Input records below:
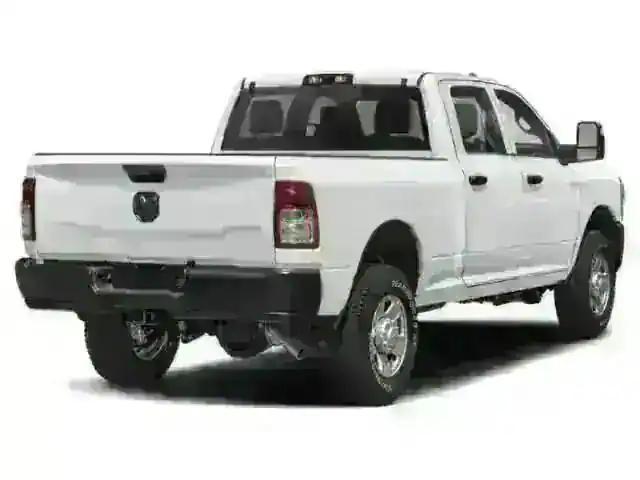 new 2024 Ram 3500 car, priced at $63,600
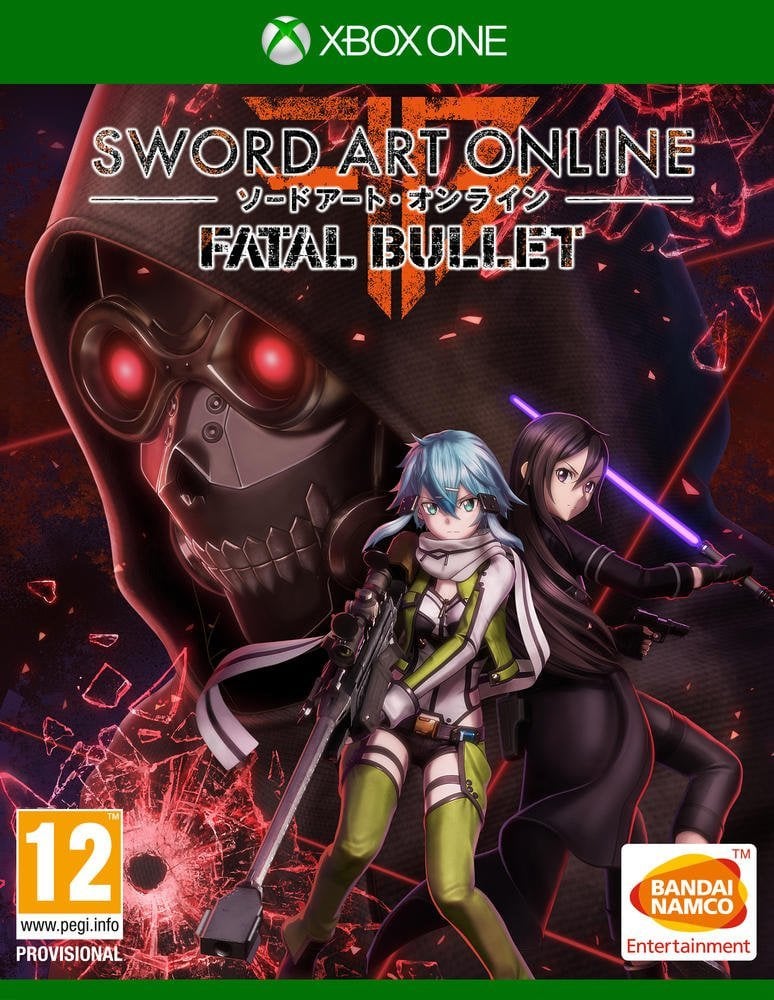 Image de Sword Art Online : Fatal Bullet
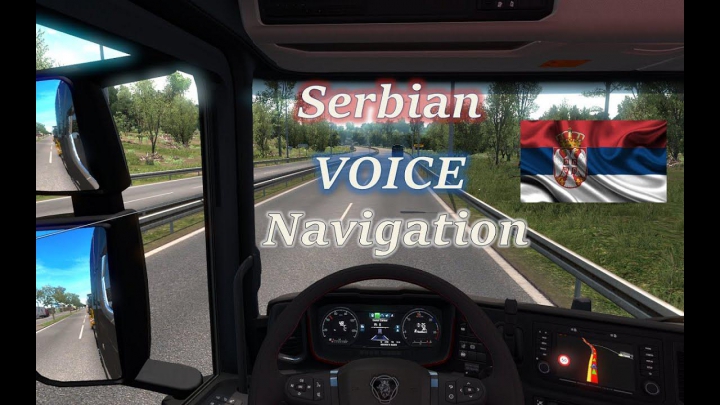 Trending mods today: Serbian Voice Navigation v0.0.0.45 beta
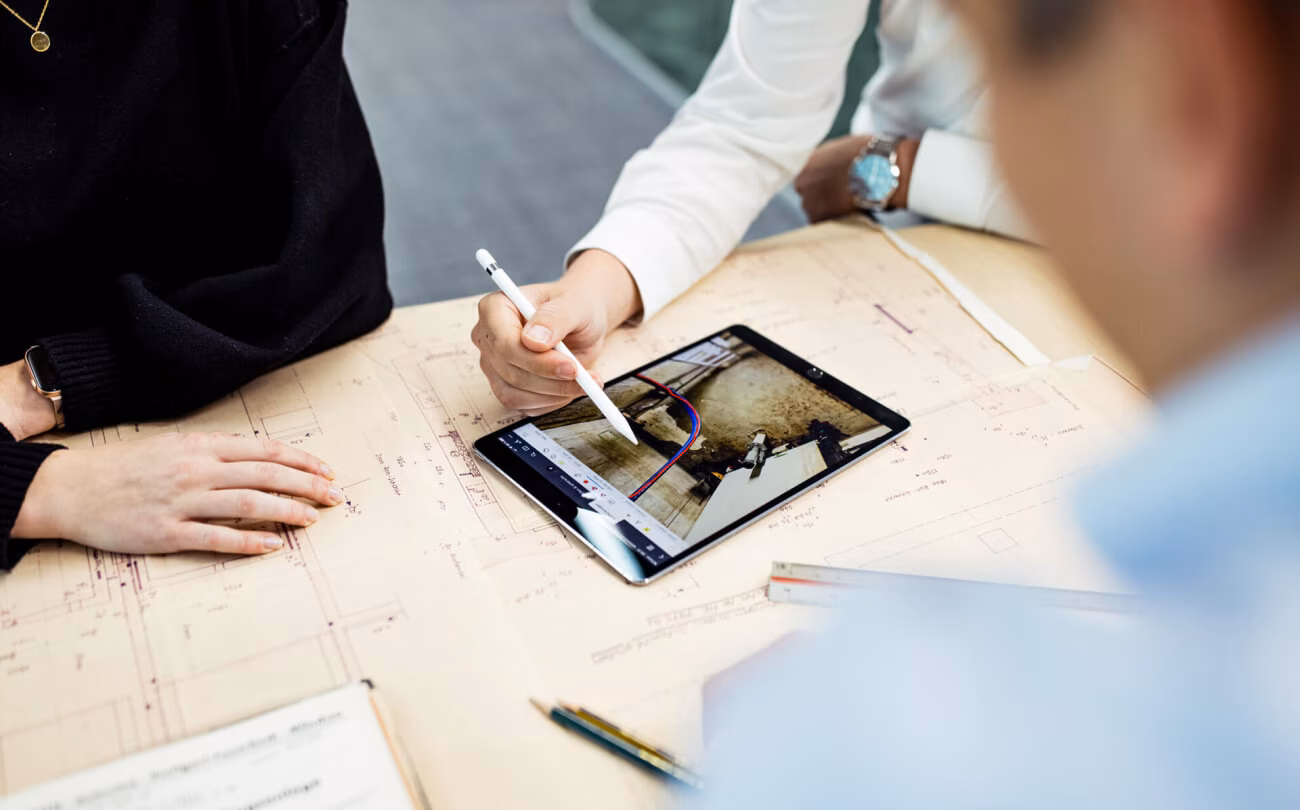 BIM Dokumentation zur Zielplanung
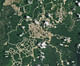 Landsat image of Nusantara on 19 February 2024 by NASA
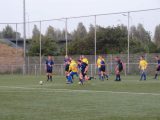 FC Dauwendaele 1 - S.K.N.W.K. 1 (oefen) seizoen 2018-2019 (45/46)
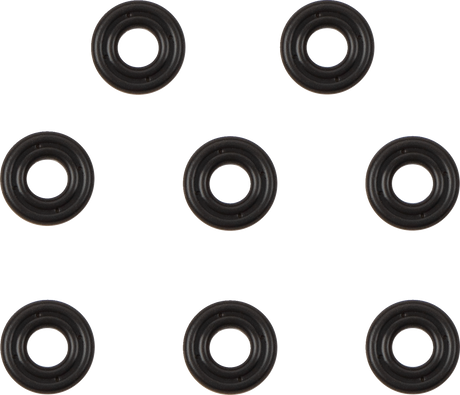 JAMES GASKET Rubber Rocker Cover Washer Set JGI-6114-R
End of Input records.
**What this task involves:** Without the pictures, copy out all the records above exactly.

**Task result:**
 new 2024 Ram 3500 car, priced at $63,600
 Image de Sword Art Online : Fatal Bullet
 Trending mods today: Serbian Voice Navigation v0.0.0.45 beta
 BIM Dokumentation zur Zielplanung
 Landsat image of Nusantara on 19 February 2024 by NASA
 FC Dauwendaele 1 - S.K.N.W.K. 1 (oefen) seizoen 2018-2019 (45/46)
 JAMES GASKET Rubber Rocker Cover Washer Set JGI-6114-R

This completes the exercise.